The Coen brothers are masters of a post-modern ironic aesthetic that both embraces and mocks contemporary culture. Their films celebrate familiar genres and at the same time give them tongue-in-cheek treatments. In Blood Simple, each of a series of botched murders is both gruesomely prolonged and weirdly funny. The final scene brings down the evil villain and mastermind with just desserts—a fusillade of bullets. But the desperate woman who shoots him thinks she is killing her husband, and the preternatural villain dies laughing at his own joke about the woman’s mistake.
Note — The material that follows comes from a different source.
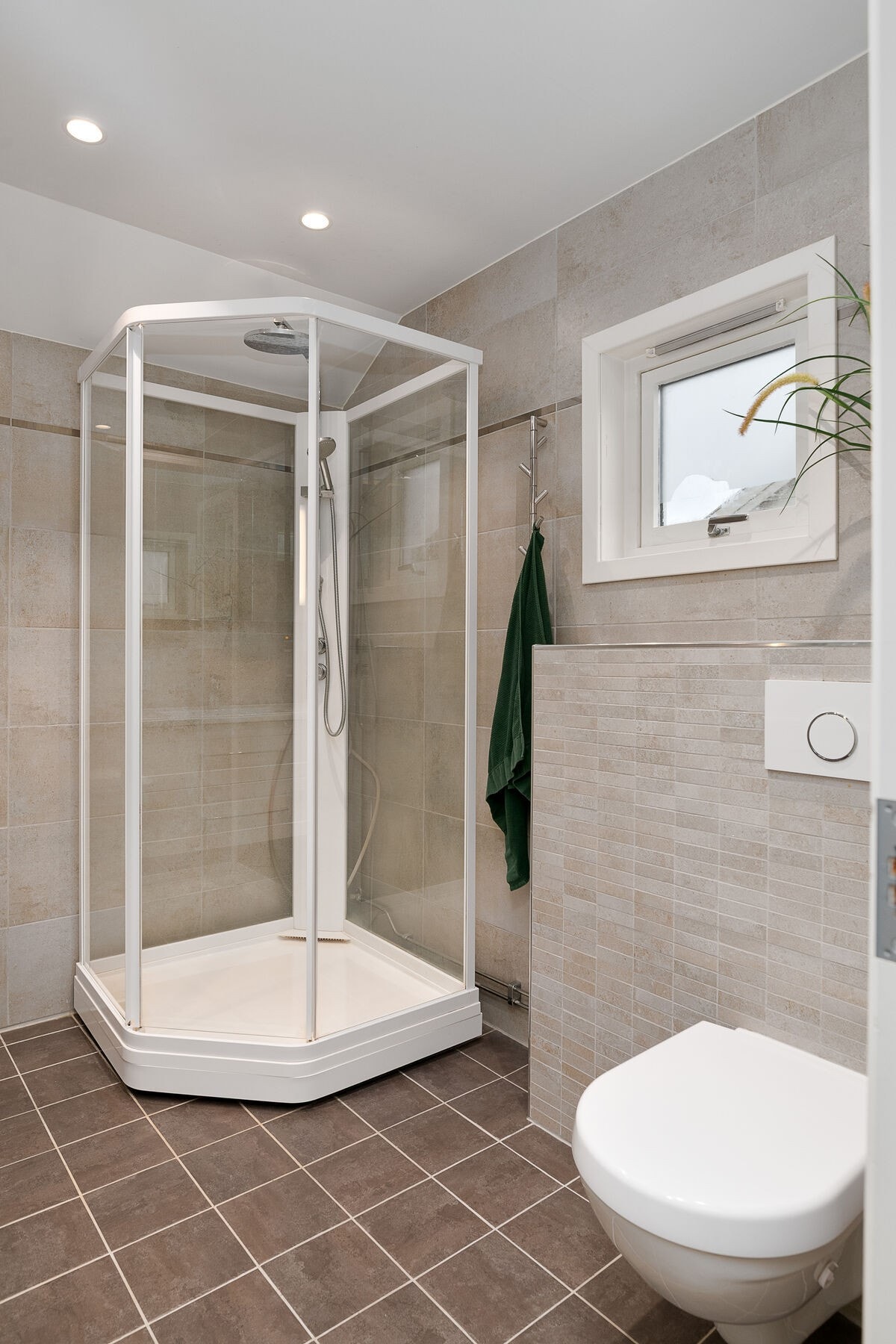 Badet har servant på innredning, lysspeil, dusjkabinett og veggmontert toalett. Galleribilde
Perhaps the most telling example of their fiendish humor came in Fargo, in which one of the bad guys end up processed through a wood chipper that spews out the bloody bits. Young audiences found it hilarious, and older folks laughed in spite of themselves. Freud would have said it was the Coen’s inventive wit that encouraged the audiences’ repressed sadism to slip past their super-egos and erupt into laughter. But the Coens do not merely provide a release valve. Their creative drive is powered by the post-modern aesthetic that sees humor in horror and savors both.

Fargo made the Coen’s reputation and earned Frances MacDormand, Joel’s wife, the Oscar for her role as the impressively pregnant but unflappable law officer who goes by the book and gets to the bottom of a faked kidnapping that takes a grisly turn. The Coen brothers’ off-beat screenplay manipulates our genre expectations and humanizes them: A vulnerable pregnant woman, rather than a tough detective, navigates the mayhem; the characters are not caricatures of films past but real people who find themselves in improbable and unraveling situations.

The Coen’s wit is by no means limited to the register of sadism. Their Big Lebowski is a goofball favorite with a wacky plot and surreal dream scenes. Their trademark weird humor is on display when Walter Sobchak goes to spread his bowling buddy’s ashes on the beach and the wind blows them back all over him. If this is too crude for your taste there is more refined pleasure to be had in the witty allusions of their joyous film Oh Brother Where Art Thou?, based loosely on the Odyssey. It is a Joycean treasure chest of sophisticated historical, literary, musical, political, and cultural references with what has to be George Clooney’s most endearing performance. And its soundtrack of folk, gospel, bluegrass, and country music reclaims the idioms of American music—as the brothers do film genres—in a good-humored mix of nostalgia and irony.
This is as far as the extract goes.